| II. SPECIFIC TAX FEATURES As
noted on page 1 above, the question at issue is often
discussed with special reference to items like (a) upper
bracket personal sur-taxes, (b) loss carryover, (c)
averaging of income, (d) capital gains taxation, (e)
consolidated corporation returns, (f) taxation of
dividends, (g) corporation undistributed profits, capital
stock or excess profits taxation, (h) depreciation
allowances, (i) payroll taxes, and (j) sales and other
excise taxes. The following analysis will treat each of
these matters in turn, dealing with both the consumption
and the investment aspects of the national income
problem, but in general covering only such special points
as have not been given in Part I above.
(a) UPPER BRACKET PERSONAL SURTAXES. He there is some
conflict between tax reform designed to increase
immediate consumption and tax reform designed to increase
direct investment. The conflict may however be avoided in
part by cutting upper-bracket rates and making up the
revenue loss, not through increased consumption taxes,
but by increases somewhere in the $5,000 -- $10,000
brackets; at these levels, some, at least, of the
increased tax may still come out of funds that, on the
one hand, would not have been spent on consumption, but,
on the other hand, would not likely be available for
taking the considerable risks that attach to investment
opportunities that are "strategic" from the
point of view of the business cycle.
However, it may be doubted that substantial results in
increasing investment will be show by thus reducing these
upper- bracket taxes (a) unless they are reduced greatly,
say to a maximum of 50 per cent of the income in the top
bracket, or even less and, more important, (b) until they
have been kept at these low levels long enough, possibly
five or ten years, to convince investors that they are
permanent. Here is the conflict between long-term and
short- term policy noted in the preceding section. To
undertake any such program would probably necessitate,
for the near future, substantially heavier taxation of
the kind of income that would otherwise be spent for
consumption, and this shift in taxation might easily
contribute to depress business conditions over the short
term.
(b) LOSS CARRYOVERS. Allowance of loss carryover is
one of the cheapest ways, as concerns revenue, of
encouraging investment; much of the revenue loss does not
occur until the national income increases enough to give
profits, and such an increase will augment the tax
revenue in other parts of the system. It may be
questioned whether entrepreneurs are as deterred as they
should be, by the present failure to allow a loss
carryover for more than two years, but in theory at least
it is a decided barrier to any kind of industry that is
sensitive to the business cycle. As concerns the
individual tax on corporate investors, the transmutation
of corporation profits into dividends tends to average
the income somewhat as a carryover device should do.
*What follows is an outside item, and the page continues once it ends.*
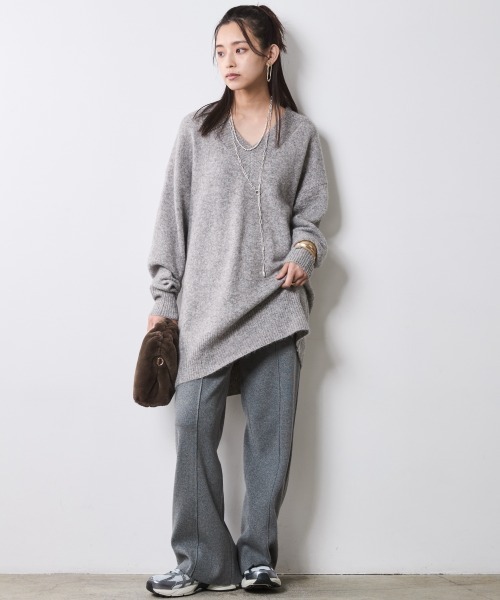 CHIC STYLE（シックスタイル）の「Vネックニットチュニック＜大きいサイズ有＞シックスタイル（ニット/セーター・レディース・ベージュ/グレー・M/L/LL/3L/4L/5L）」の15枚目の写真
Consequently it is the unincorporatecd concern of a type
that is sensitive to cyclical changes or that must
undergo an initial period of loss in developing. a new
product that would be affected the most.
The loss carryover has little, if any, direct effect
on consumption.
(c) AVERAGING OF INCOME. Averaging of income,
considered as a step beyond a loss carryover, undoubtedly
increases willingness to work in some special cases, such
as prize fighting, moving picture acting, etc., and the
Revenue Act of 1939 has been of importance in this
respect. The averaging device has still greater potential
importance in increasing willingness to invest; here it
would serve to put capital gains, especially, into lower
rate brackets than if they were simply entered as income
at 100 per cent with no averaging (the latter policy
which, however, is not now followed except for gains on
assets held eighteen months or less).
The averaging device probably has, if anything, a
slightly deterrent effect on consumption, since use of it
would necessitate a higher rate structure to yield the
same revenue, hence a higher tax on regular incomes,
which, being in general the smaller incomes, are likely
to contain in general a larger consumption element.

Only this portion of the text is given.